There's a right way and a wrong way to install silt fence, so I'm going to cover that today. Let's talk about the orientation of the fence, the difference between standard fence, steel reinforced fence, and bio logs.
We're out here installing silt fence. Now we've already got one row of silt fence which has been up and functioning for about 90 days now. But the city wants to see a reinforced silt fence. I'm going to show you the difference between them and show you how to install them. Jake's just manually digging a trench, or you can get a trencher. This way works well. You have to get about a six-inch deep trench to tow it in. Now as we look at the one that's already been installed and been in service for a while now, you can see that it's actually buried right there and that's a key element. The other thing is which way you orient the silt. A reinforced silt fence looks like this and actually has wire mesh. It's more of a permanent structure.
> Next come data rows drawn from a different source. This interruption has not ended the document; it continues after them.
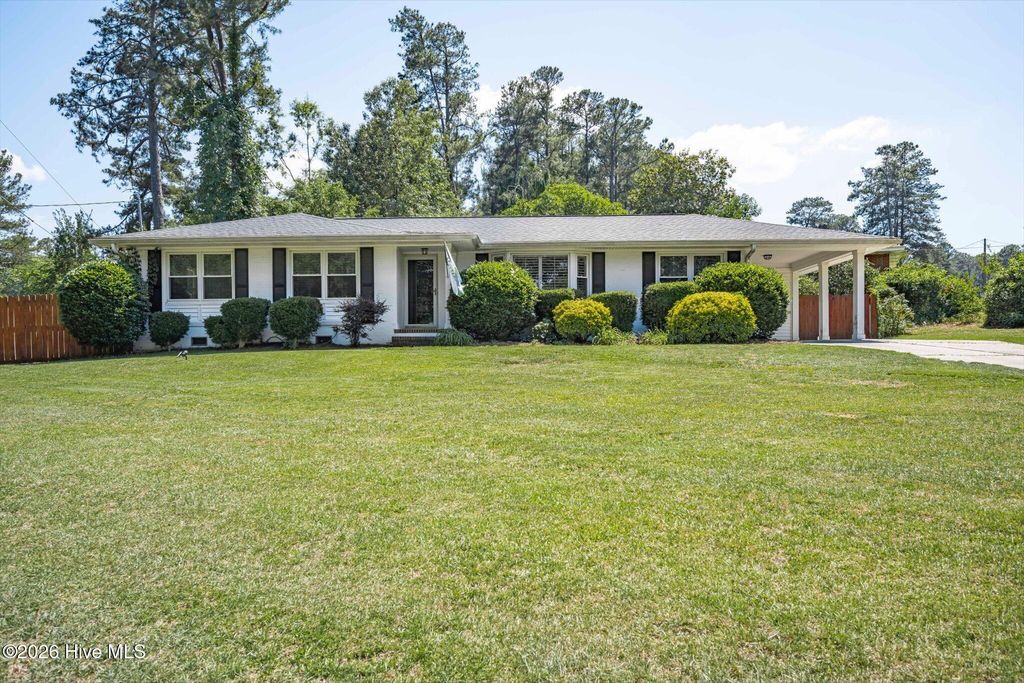 Photo of 2902 Mayfair Road, Augusta, GA 30909 (MLS # 100575682)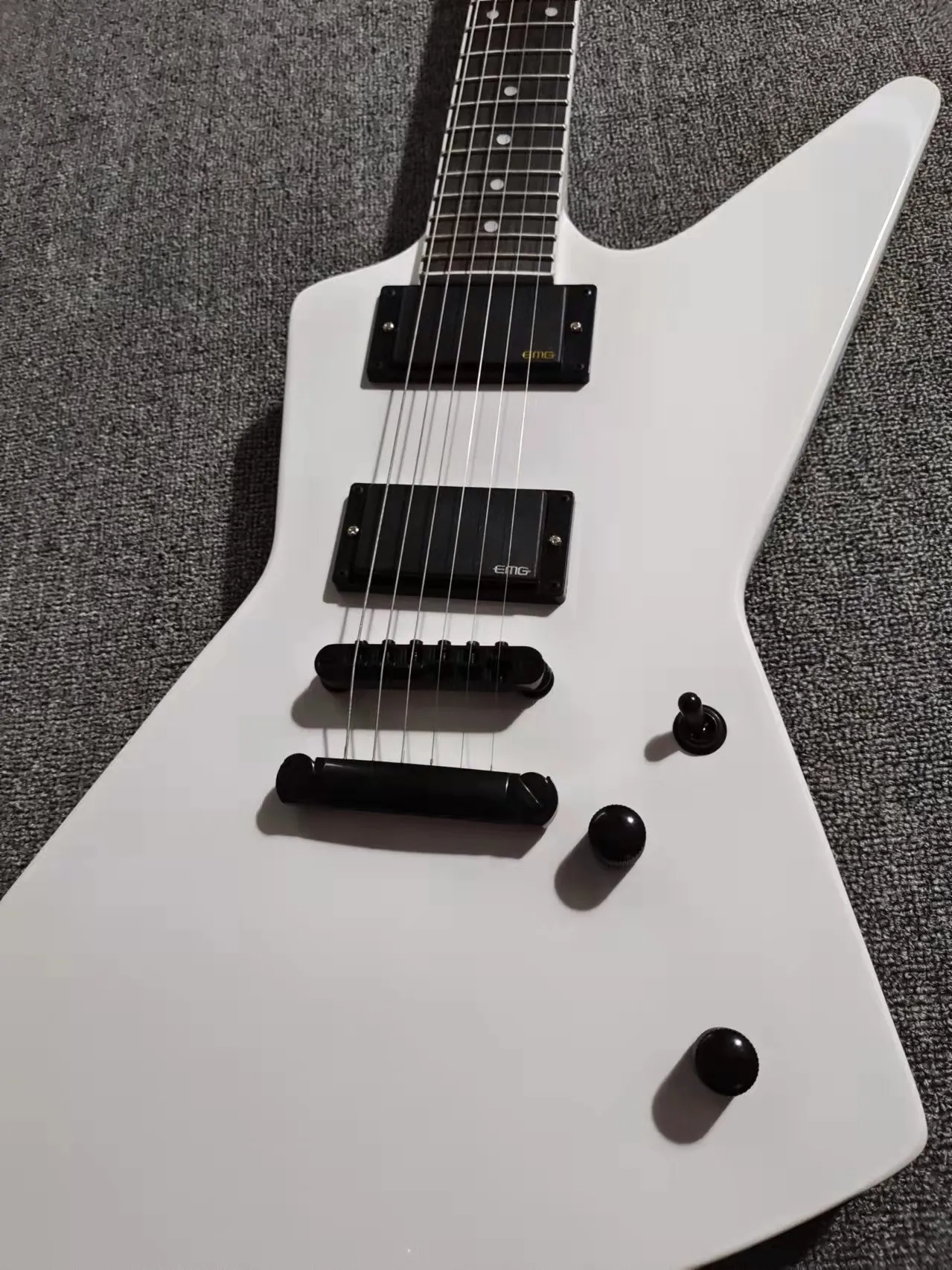 Электрическая гитара электрическая в наличии James Hetfield explore EET Mete качественная |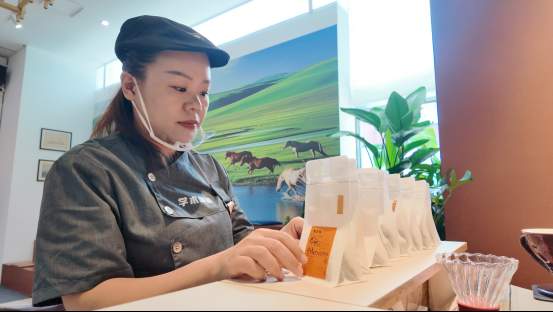 融媒·见证丨当学科藩篱、校际壁垒在这里被打破——咖啡香里酿新知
A reinforced silt fence looks like this and actually has wire mesh. It's more of a permanent structure. And then we use posts to frame those in. Let me show you the orientation on this site, so you can kind of get a feel for it. You can see that the posts are on the downward side. So what that means is as the runoff comes down the hill it will hit the fence. And if you get a blow out the stake remains in place and the fabric will tear in between it. If we had flipped this around the fabric was oriented on this side of the stake then the mud could go all the way down and through. So it's important to you orient the silt fence the right way. So we're doing right now is he's getting the fence initially set by putting the bottom of the extra length in place. Now, this fence actually has a flap dedicated to fold over so he can kick it in and then cover it with soil. This is a great example of what I'm talking abo the t orientation of the fence. Any of the silt that comes down the sediment will hit the silt fence fabric material on this side and then be stopped or reinforced by the wire mesh on the back side of this fencing.
We're getting the new silt fence installed. Important point. You cannot forget. No gaps. Look at the bottom of the fence it's all been dug in six inches deep. There's no gaps. A lot of times you see a fence flopping in the wind. That's not properly installed. Green fence posts every six feet. We're going to be reinforcing this fence with fence post because this is steel sill fence. If this was standard silt fence the wood stakes that are included are adequate. If you can't drive a fence in place there is another option: these bio logs. I recommend staking them in otherwise they can wash away. You can stake them on this case this is the downward side or you can drive a stake physically through the bio log. I don't prefer to rip the fabric at all. I have seen it done, but I like to keep it in place. Keep it whole Leep it untorn. I don't like to drive a stake through it if I don't have to.
Silt fences is in place and erosion control set. Ideally, this should have been sodded and vegetation should have been established. Then we wouldn't have needed silt fencing, but timing didn't work out. This job is all wrapped up.